--- START ---

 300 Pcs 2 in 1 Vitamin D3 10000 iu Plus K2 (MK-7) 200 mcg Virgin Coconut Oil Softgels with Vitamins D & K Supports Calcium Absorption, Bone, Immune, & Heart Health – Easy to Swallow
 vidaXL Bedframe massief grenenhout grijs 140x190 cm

--- END ---
--- START ---

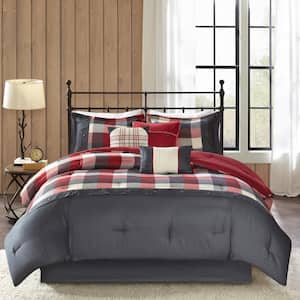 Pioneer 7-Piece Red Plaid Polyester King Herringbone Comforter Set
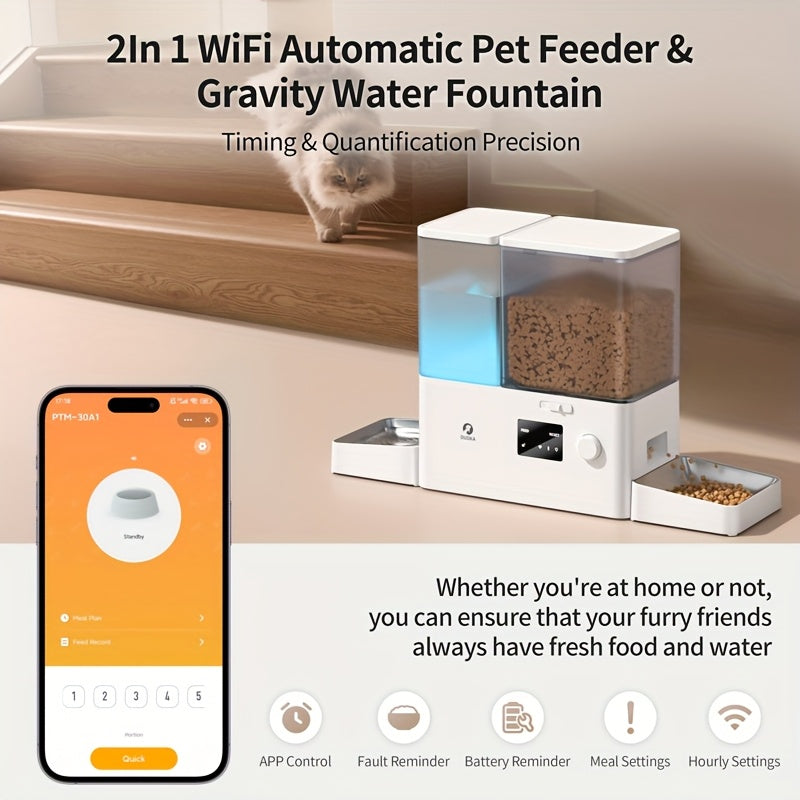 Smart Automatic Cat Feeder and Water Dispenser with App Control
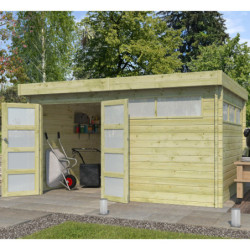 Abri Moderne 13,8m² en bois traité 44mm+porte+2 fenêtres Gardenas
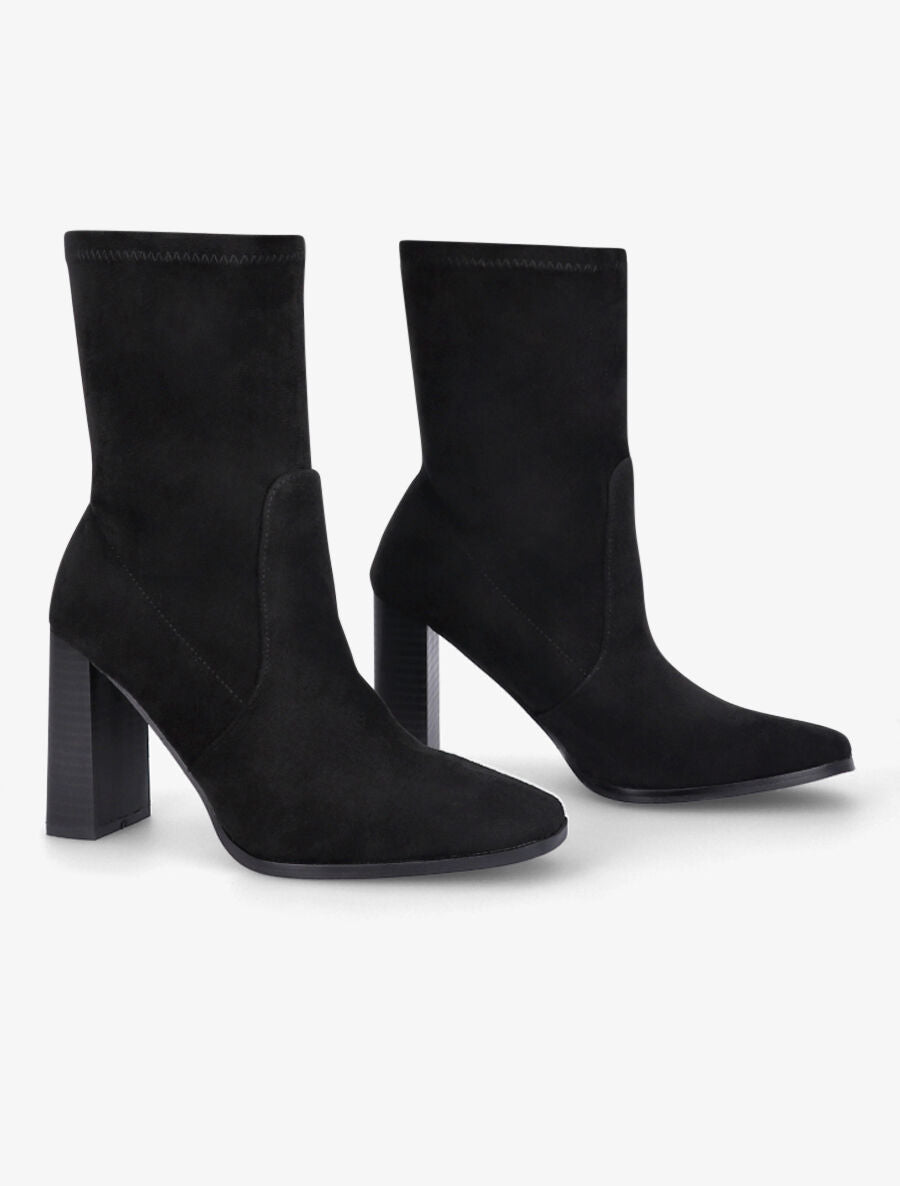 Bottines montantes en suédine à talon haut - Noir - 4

--- END ---

Taking the listing above as the source, transcribe only the lines starting at the line with "300 Pcs 2 in" and going through the line with "vidaXL Bedframe massief", unaltered and with both ends included.

 300 Pcs 2 in 1 Vitamin D3 10000 iu Plus K2 (MK-7) 200 mcg Virgin Coconut Oil Softgels with Vitamins D & K Supports Calcium Absorption, Bone, Immune, & Heart Health – Easy to Swallow
 vidaXL Bedframe massief grenenhout grijs 140x190 cm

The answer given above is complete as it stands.